• [Problem]
Each line from the one containing "Pillole e frutta — Foto Stock" to the end of the entries below is to be set down exactly; the pictures are not.

• [Brief descriptive captions]
*** Begin section ***
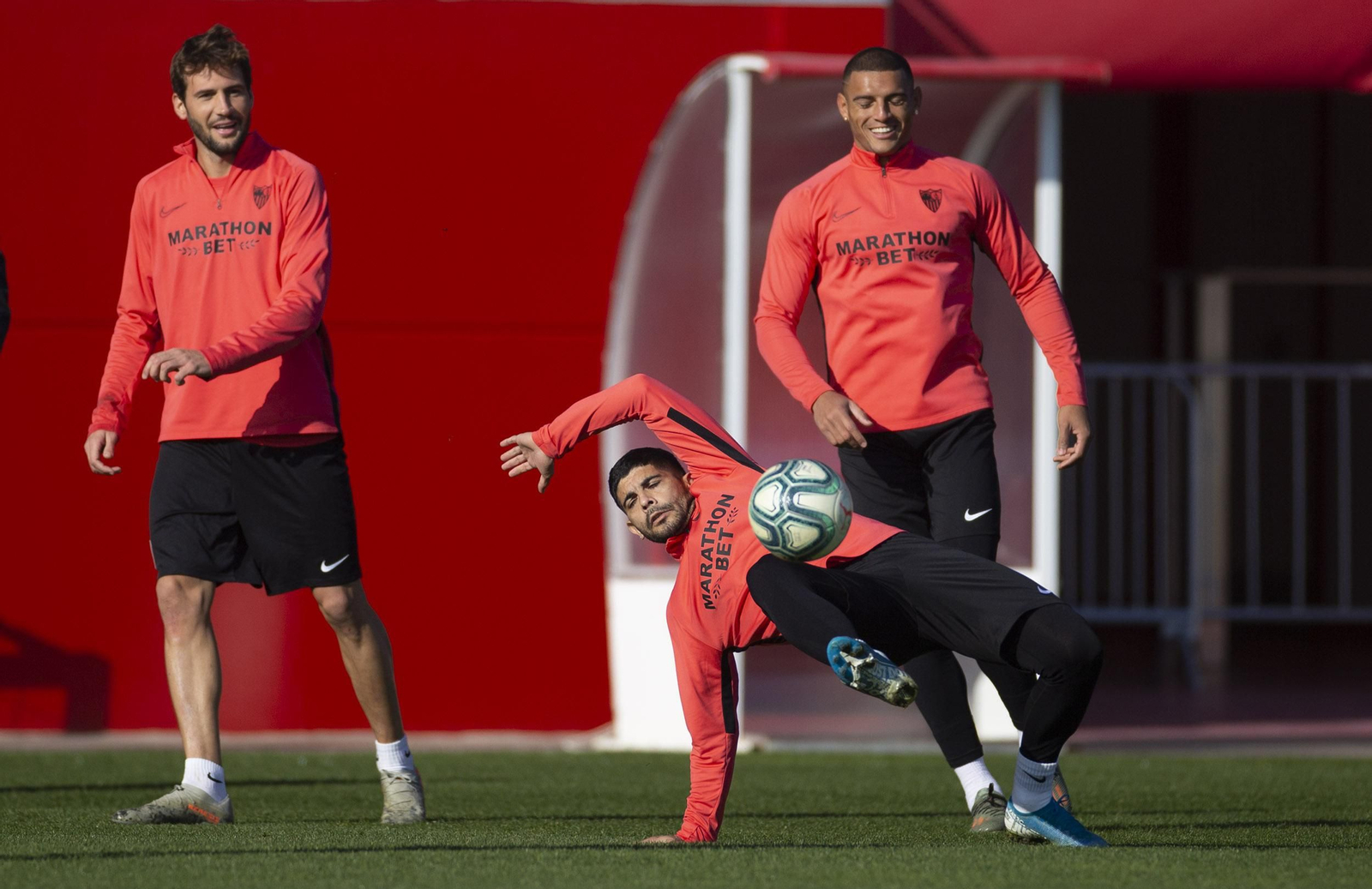Banega, ante Franco Vázquez y Diego Carlos en la sesión del jueves.
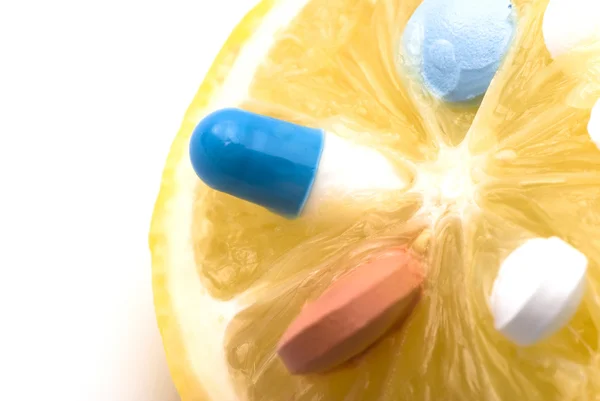 Pillole e frutta — Foto Stock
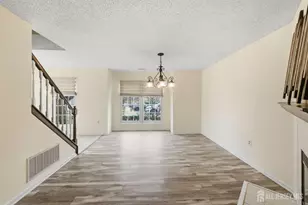 25 Colleen Ct, South Brunswick Township, NJ 08824 - Photo 9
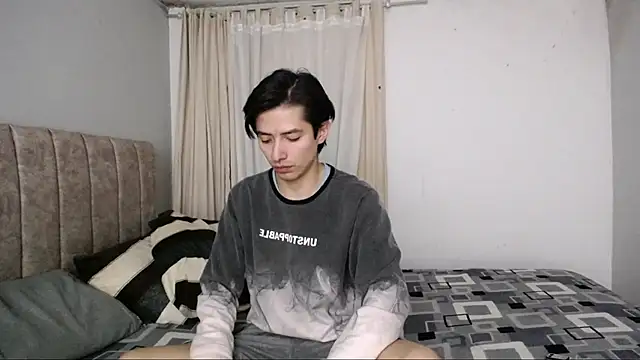 Yellowpokemon23 online show from 09/13/25, 05:29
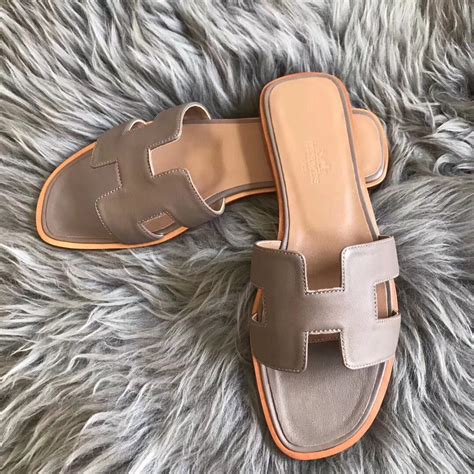 hermes oran taupe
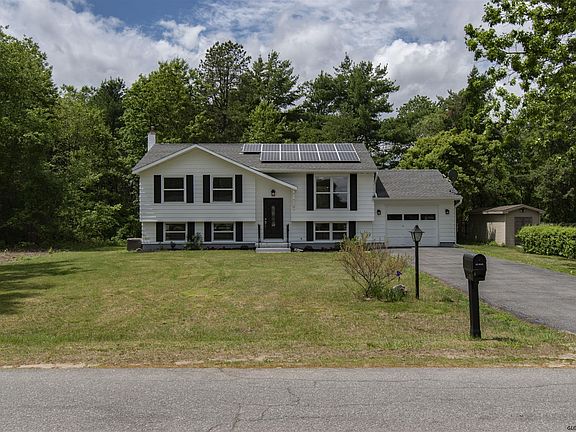 2nd image of 12 Wynnefield Dr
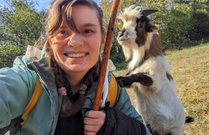 Julia Erard, una joven que ha empezado desde cero en el oficio de pastora con ocho cabras enanas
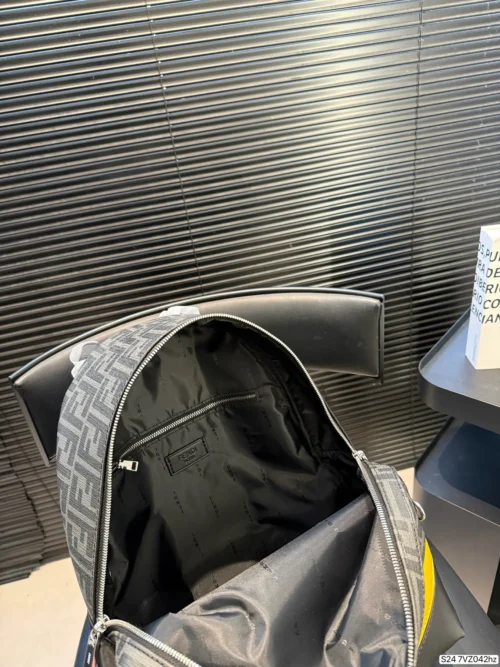 Fendi Backpack Style 0226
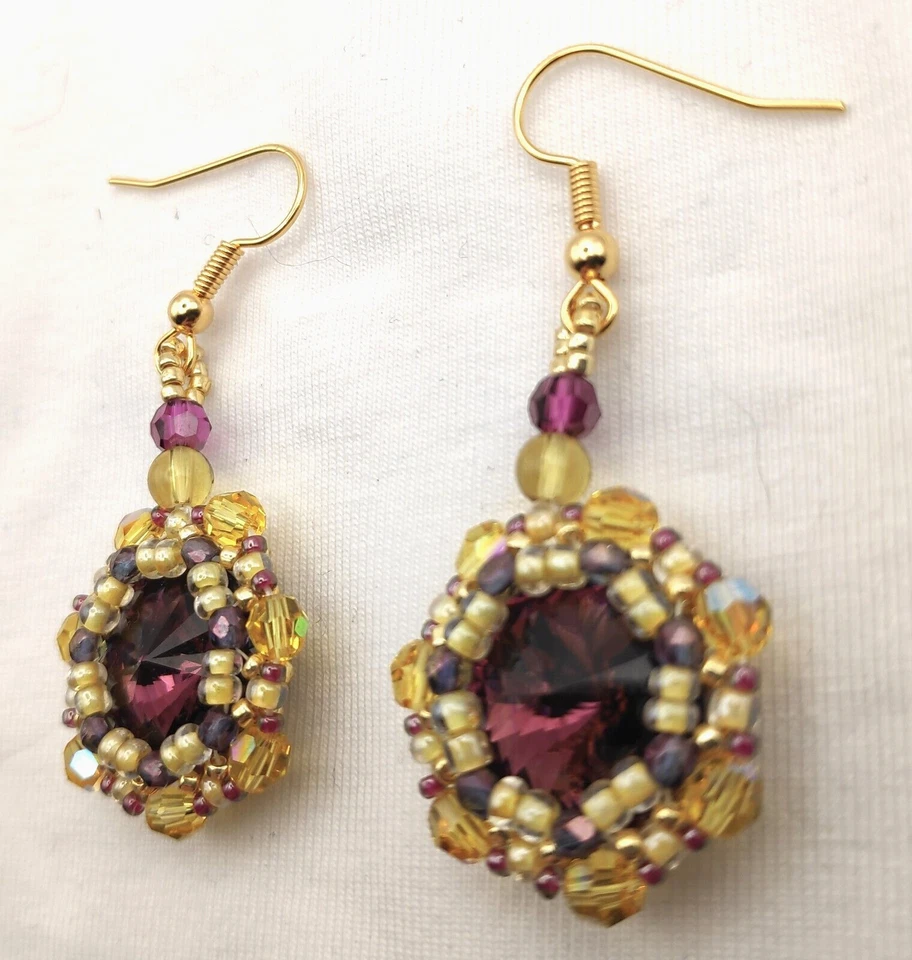 Ohrschmuck in Gelb-Violett mit 18 mm großen amethystfarbenen Rivoli, 1 Paar - Bild 3 von 4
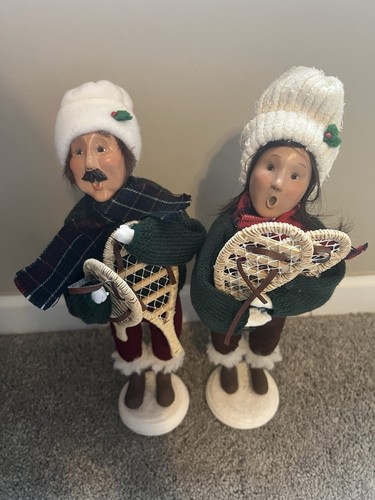 Byers Choice Ltd. The Carolers Adult Woman & Man With Snowshoe 2000 Limited Ed - Picture 2 of 10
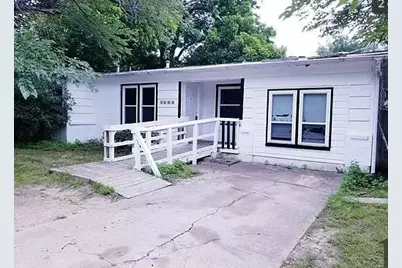 5400 Purington Avenue, Fort Worth, TX 76112 - Photo 2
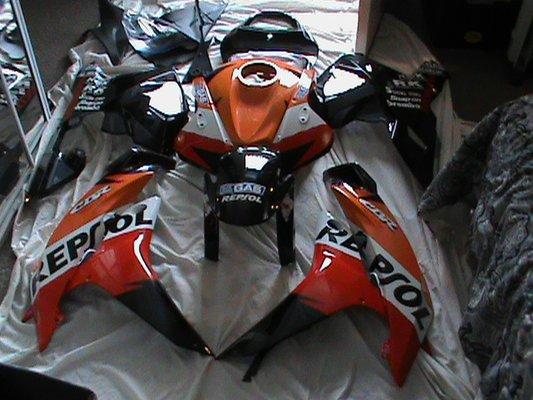 Know anybody who would be interested in this Repsol Kit for a CBK 600rr Honda year 2009-2012, $200.00 best deal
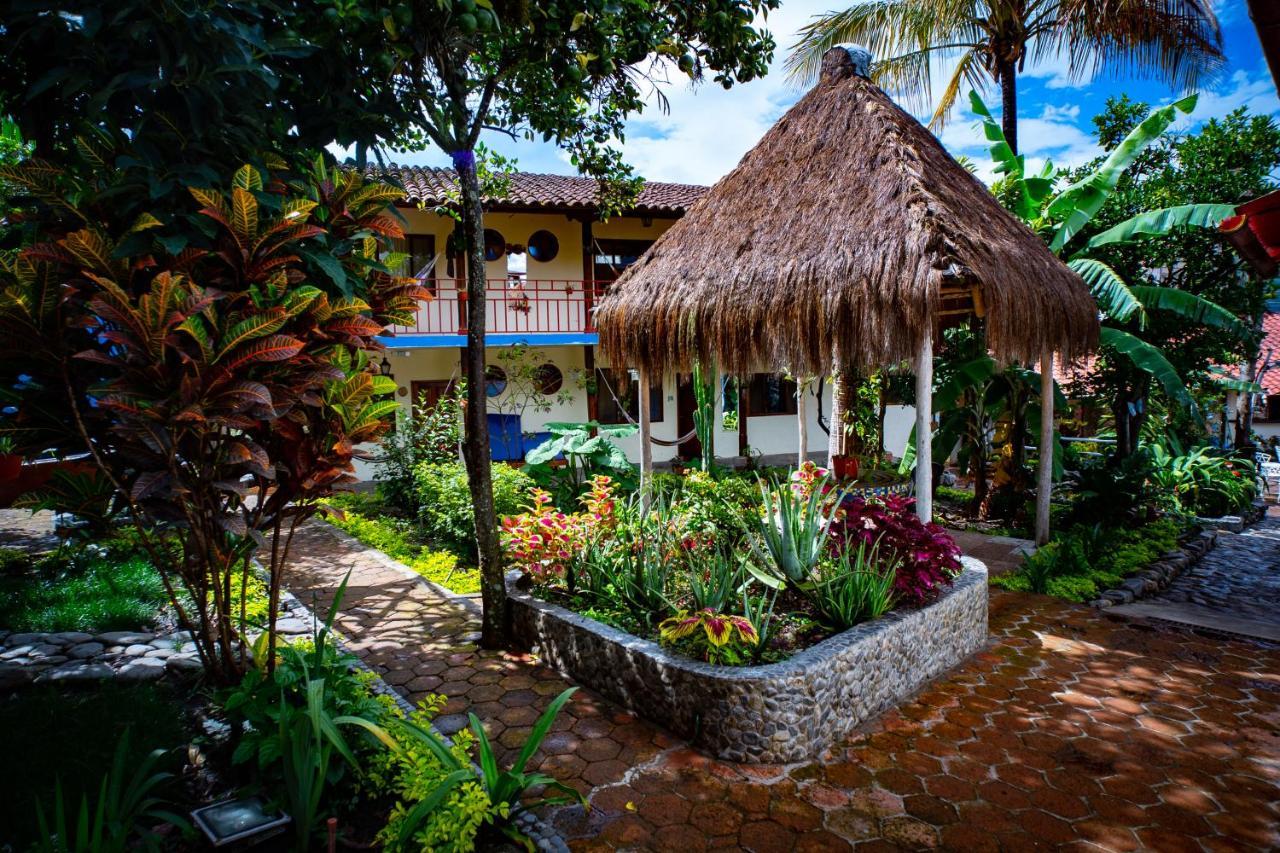 Hostal Jardin Escondido Vilcabamba Extérieur photo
*** End section ***
• [Response to this exercise]
 Pillole e frutta — Foto Stock
 25 Colleen Ct, South Brunswick Township, NJ 08824 - Photo 9
 Yellowpokemon23 online show from 09/13/25, 05:29
 hermes oran taupe
 2nd image of 12 Wynnefield Dr
 Julia Erard, una joven que ha empezado desde cero en el oficio de pastora con ocho cabras enanas
 Fendi Backpack Style 0226
 Ohrschmuck in Gelb-Violett mit 18 mm großen amethystfarbenen Rivoli, 1 Paar - Bild 3 von 4
 Byers Choice Ltd. The Carolers Adult Woman & Man With Snowshoe 2000 Limited Ed - Picture 2 of 10
 5400 Purington Avenue, Fort Worth, TX 76112 - Photo 2
 Know anybody who would be interested in this Repsol Kit for a CBK 600rr Honda year 2009-2012, $200.00 best deal
 Hostal Jardin Escondido Vilcabamba Extérieur photo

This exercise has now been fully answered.